When I woke, the next morning, I had my oatmeal in silence then took a walk with my coffee around the convent grounds. Just to see the sights. I wasn't far from home - just outside Baltimore and about an hour-and-a-half from our house. But there's something about being on a hilltop, in the woods, that makes you feel like you're a million miles from anywhere. I stumbled upon the Peace Garden.
Years ago, on another five-day silent retreat, I had a dream about a gate just like this one. In the dream, the gate sat in the water behind my childhood home. I woke up with peace I had not known before in my life (I was about 23.) Interestingly enough, I didn't think much about that dream when I was in this peace garden. I was too busy noticing the things that people had left behind.

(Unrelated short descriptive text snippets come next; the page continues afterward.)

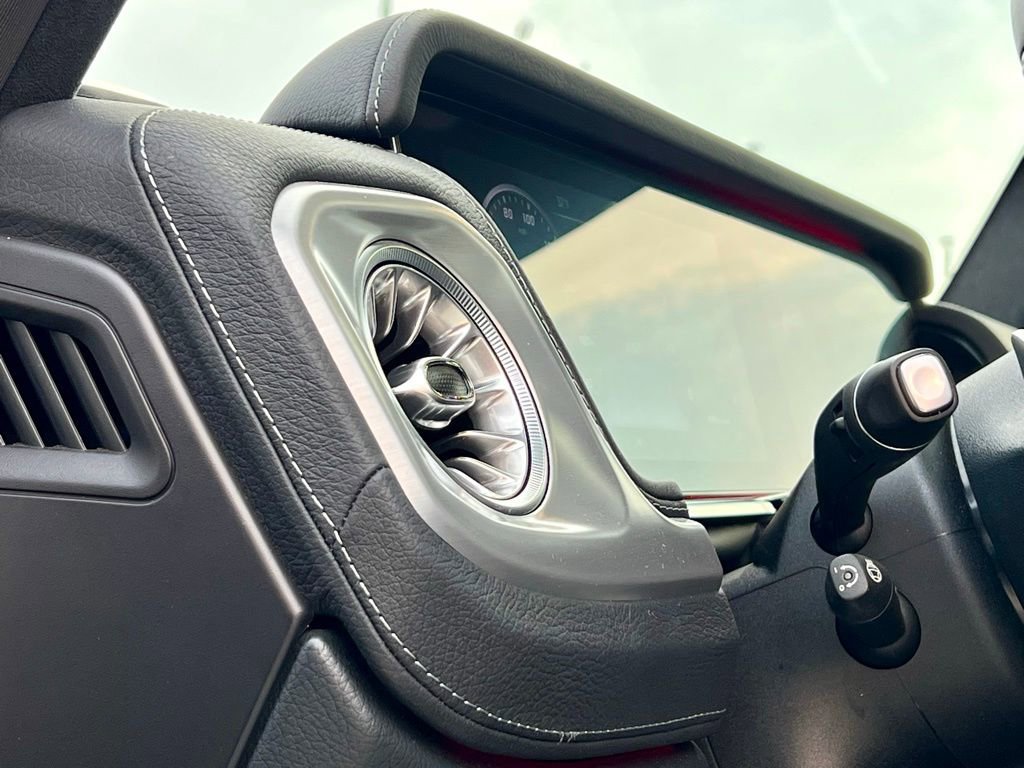 Certified 2021 Mercedes-Benz G 63 AMG 4MATIC image 23
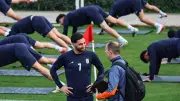 قائد منتخب إيران يروي تفاصيل نجاته من كمين عصابة مسلحة في المكسيك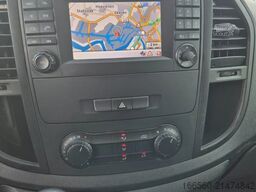 Mercedes-Benz VITO 111 CDI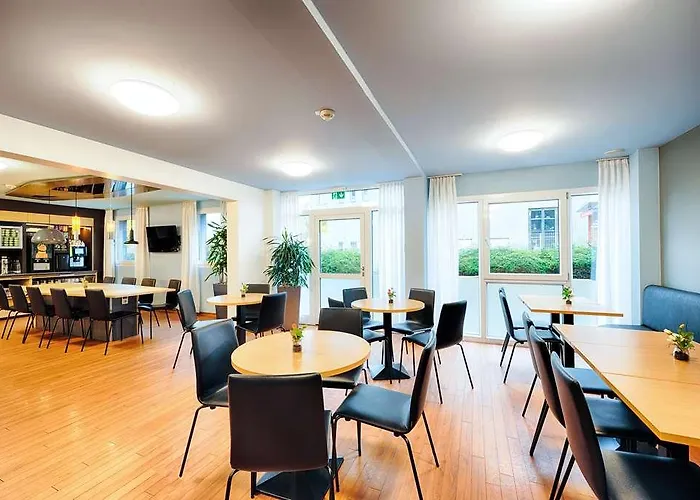 Koln-frechen Hotel 4*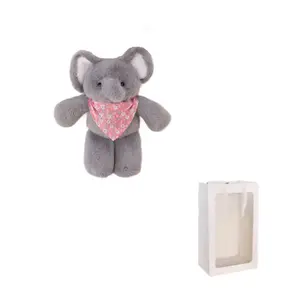 Плюшевая куколка из коллекции Cute Run высотой 35см/50см Beerus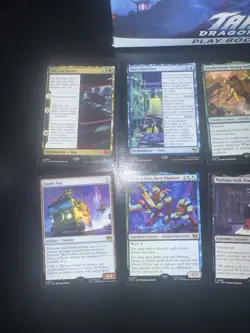 Magic The Gathering Lot Over 100 Cards Rares and Foils MTG Cards All NM #14 - Image 3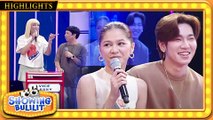 Vice Ganda, may pabirong pagbabanta kina JM at Marielle | It's Showtime | Showing Bulilit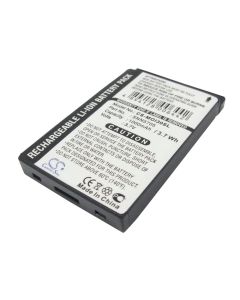 Batteri till BMW Trådlös Handenhet bl.a. E65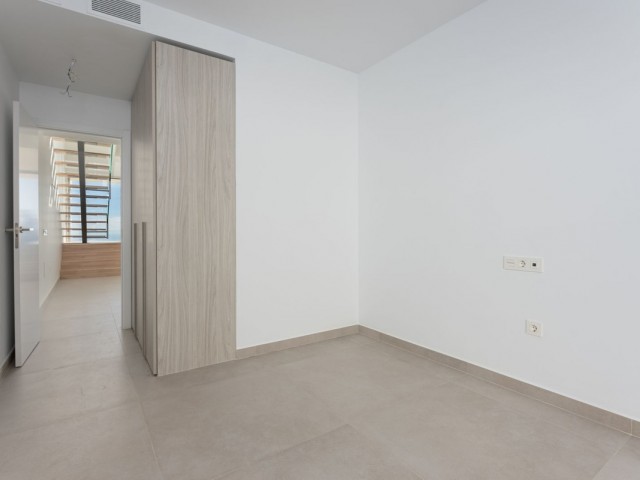 3 Bedrooms Apartment in Benalmadena Pueblo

And that's where the noticing really kicked in. As I sat on a rock, things started to take shape before my eyes.
I couldn't find a blank book, so I brought this journal -- half finished from 2006 -- with plenty of room for more. In it I read, "There are no more good days. We are down to good hours, and bad hours." And yet, I would not leave for five more years. And those would be the years that I got a lot closer to the grandkids - which I wouldn't trade for anything. I'd give all the hours I have left for them, if they needed them.

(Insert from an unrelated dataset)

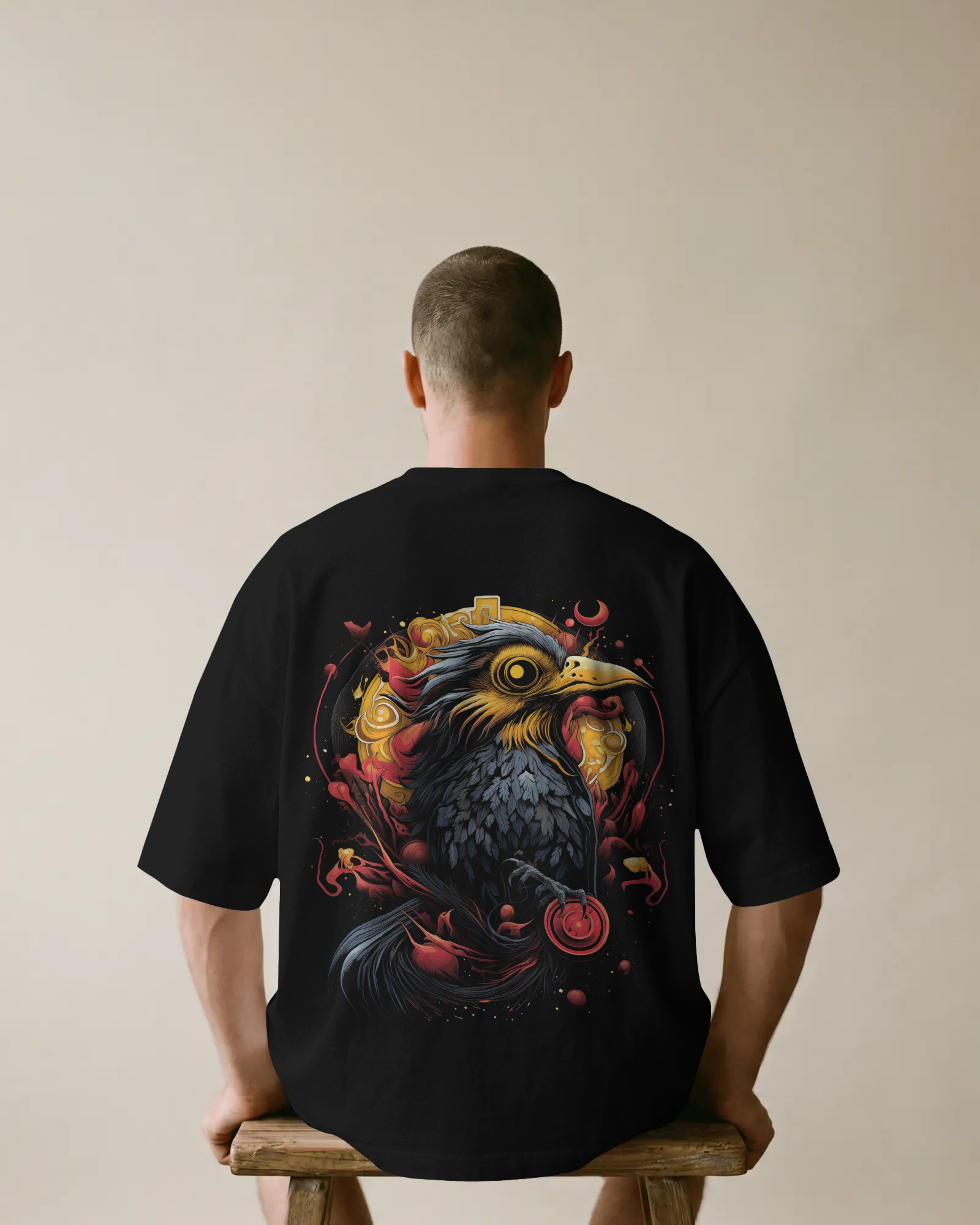 THE KEA 07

There were all kinds of memorials here.
Who comes to light these candles?
I sat on a rock in the peace garden, listening to birds singing into Spring, and watching the bamboo trees stretch in the breeze. As surely as I am sitting here, it changed my life. Suddenly, I saw everything. I was really there. And it was ok for me to just be there. That was the peace I found in the garden.
The noticing that started with the waterfall the day before seemed to be the first, and most important, thing. Thinking back, I am actually quite proud of the fact that I made that connection to my old life so quickly - and kick the stone down the stream. I am a ruminator, after all.

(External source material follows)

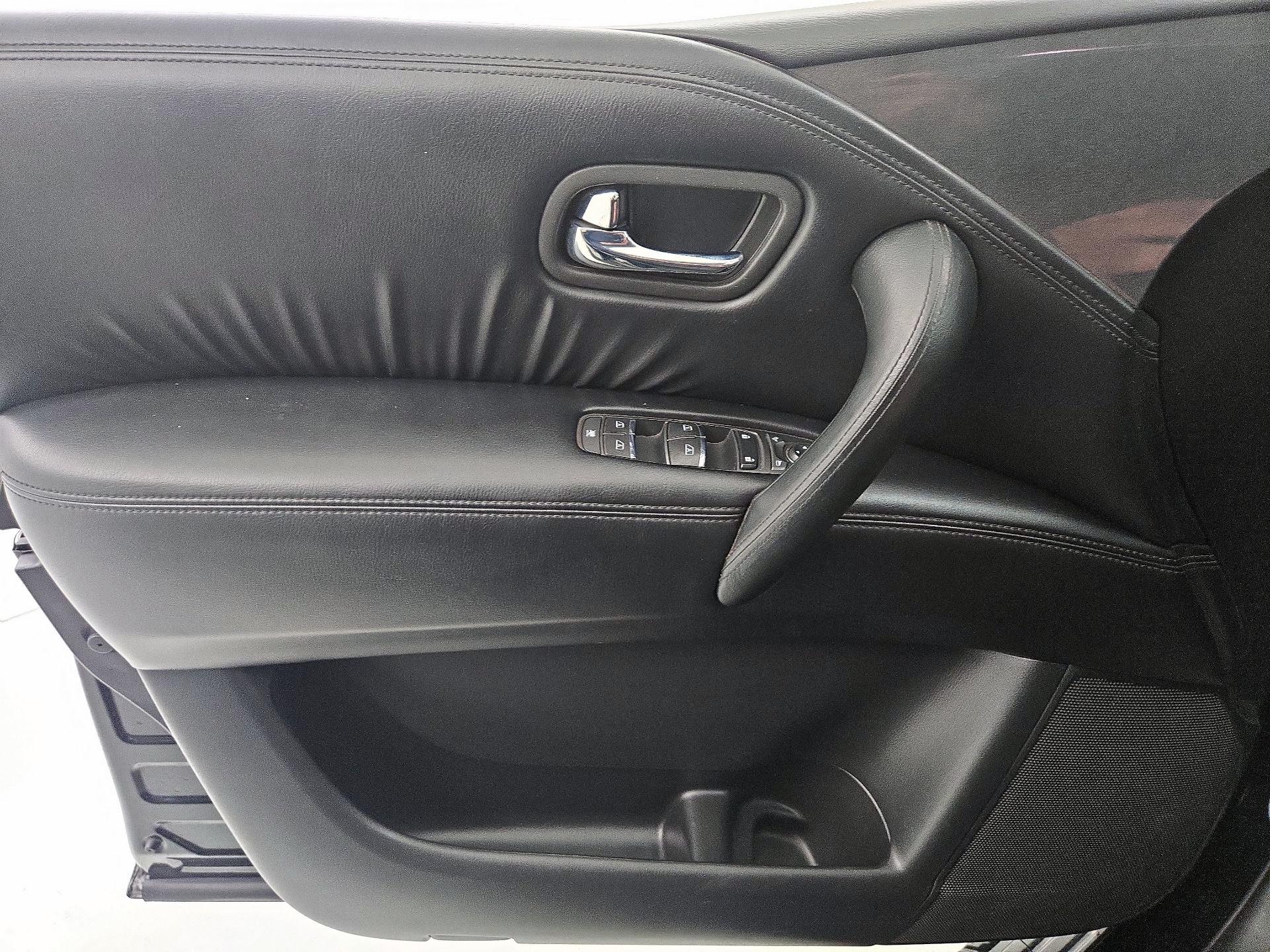 Thumbnail: 2021 Nissan Armada - 12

I had meetings, but I carried the noticing and the permission to just be t/here back inside with me. It shaped the rest of my time on the retreat.
Starting with lunch. For the rest of the weekend, I let myself eat whatever I wanted. After six years of living with someone who commented on everything I put into my mouth, I wanted to just taste food. Even if it meant meat or cheese. I have been enjoying veganism, but sometimes (when it's a lot of work to cook/shop/make everything) I wind up starving myself or making unhealthy choices because there is "nothing" I can have. Which isn't all that different than what I was doing before veganism. There just isn't any meat in my bad choices. It's a way of "taking care of myself" by not taking care of myself.
And the interesting thing is, I still chose not to eat meat or cheese, the difference was I gave myself the option and felt free to decide.For lunch they had lovely roasted vegetable wrap sandwiches and homemade potato chips with garden salad. Loved it. The convent had a soda fountain and I indulged liberally in root beer.
And the homemade peach cobbler and thought of my dead father. (I once spent an entire afternoon peeling fresh peaches and making a peach cobbler and woke up to find my Dad had eaten the entire thing in the night. Now I understand it, but at 14? I was pretty peeved.) I bought myself a Milky Way from the vending machine and didn't allow myself to feel guilty. It was still a battle to give myself permission to enjoy the food. But I did it.
I sat and appreciated that someone had prepared such wonderful food for me and all I had to do was show up. I didn't even have to wash dishes or say thank you. I thought of a visit that my friend D. made to Montana at a time when I was really worn out and I sat there like a rag doll while she prepared food in my kitchen. The only difference was maybe she didn't know how worn out I was, and maybe she didn't really want to make the wraps that much. (Thanks, D. )
A moment then and now when you feel like a pebble balanced just on the very edge. You could be brushed off. You could fall off. You could remain there, in a state of tension possibly forever. You just won't know until you know. And, until then, there are good hours and bad hours spent just trying to maintain your balance.
I'm glad I made the wraps. And that you discovered that beautiful garden. I can see you there, a sculpture at peace among the stacked stones and candles in waiting.